Тоскливо, грустно, страшно. Напишу подробнее о мама, когда опомнюсь. Сейчас слишком больно. А кроме того, я нездорова – отчаянный насморк и бронхит. И керосина жечь нельзя.
1920
Более недели тому назад вернулась из Москвы, куда ездила с Таней.
Таня в Москве – странно сказать – очень веселилась. Между колкой дров, уборкой комнат, мытьем посуды, стряпней, она успевала бегать к своим подругам: Грузинской, Шереметевым и Оболенской, и 6 раз побывала в театре. Но когда она вернулась в Ясную, ее утомление выразилось в сердечном припадке, совершенно схожем с припадками ее отца: стеснение и боль в сердце, сердцебиение, трясучка, потом зевота, водянистая моча и облегчение.
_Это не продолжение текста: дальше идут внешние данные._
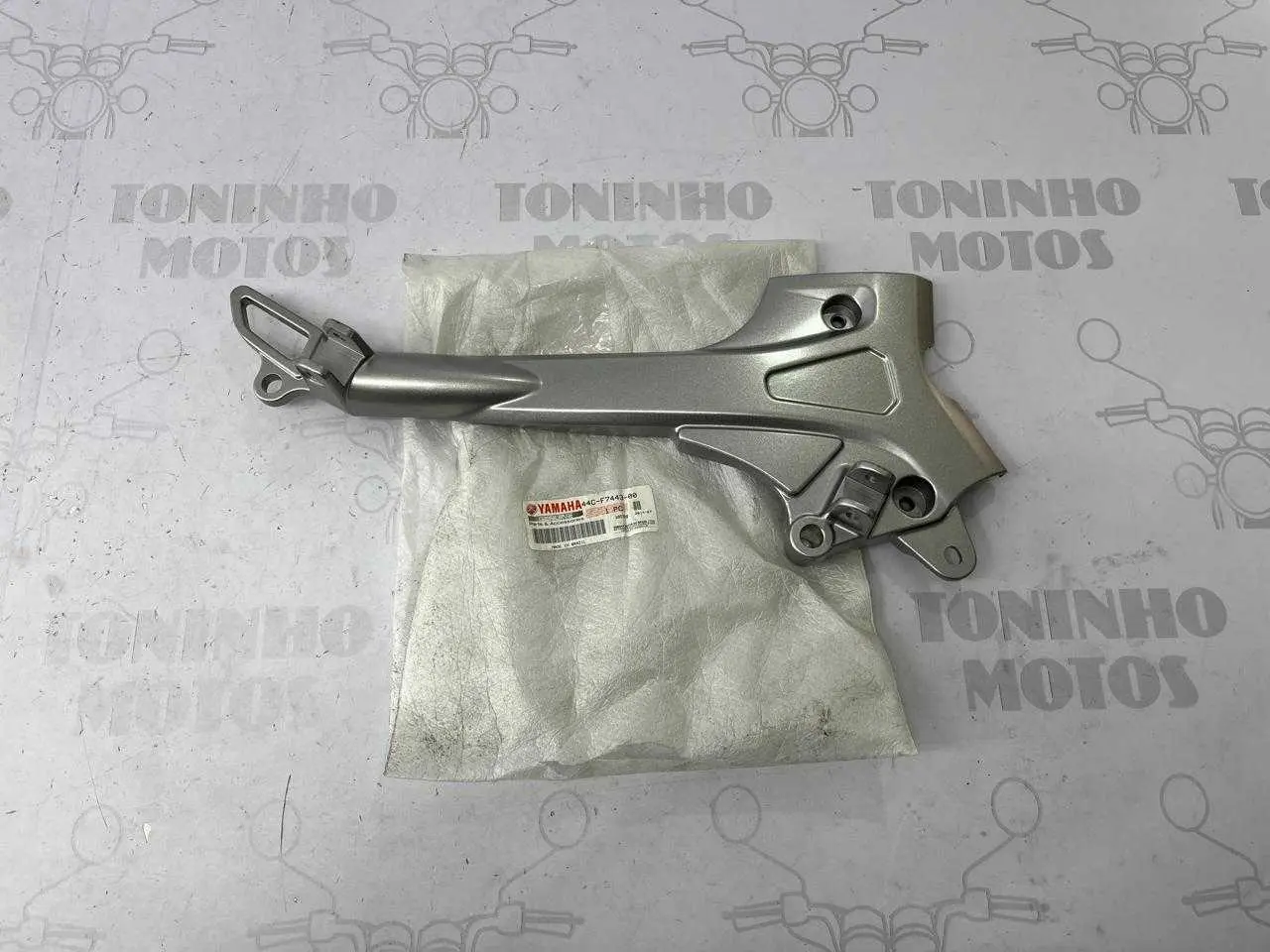 SUPORTE PEDALEIRA LADO DIREITO YAMAHA FAZER 250 2011 À 2017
Меня очень огорчил и смутил этот ее припадок. Если они будут повторяться, то мне будет ужасно в дочери опять переживать те же страдания, что я видела в муже. С отъездом Wells очень трудно ввести ее в правильное русло жизни. Учить ее почти не приходится; искала в Москве учительницу и не нашла. Сама могу учить только языкам.
Сегодня приезжал ко мне сын какого-то инженера из Щекина, которого я взялась за 500 р. в час учить английскому языку. Это пустяки, как деньги, но я ради практики; я в Москве истратила 250 000 р., из которых я 200 000 р. заняла. Для покрытия долгов послала в Московский Толстовский музей продавать две картины: 'Холстомер в молодости' и он же в старости, кисти Сверчкова.
Напишу несколько образцов теперешних цен в Москве: хлеб черный – 550-600 р. за фунт, белый хлеб – 1200 р. ф., молоко – 600-800 р. кружка, картофель 220 р. ф., яблоки от 75 р. до 400 р. штука, чулки от 3 до 12 тысяч р. за пару, сукно 40 000 р. за аршин, шевиот 20-30 тыс. за аршин. Я переделала свою и Танину старые шапки и заплатила за это 22 000 р. За 5 ф. риса я заплатила 11 500 р. И все в этом роде.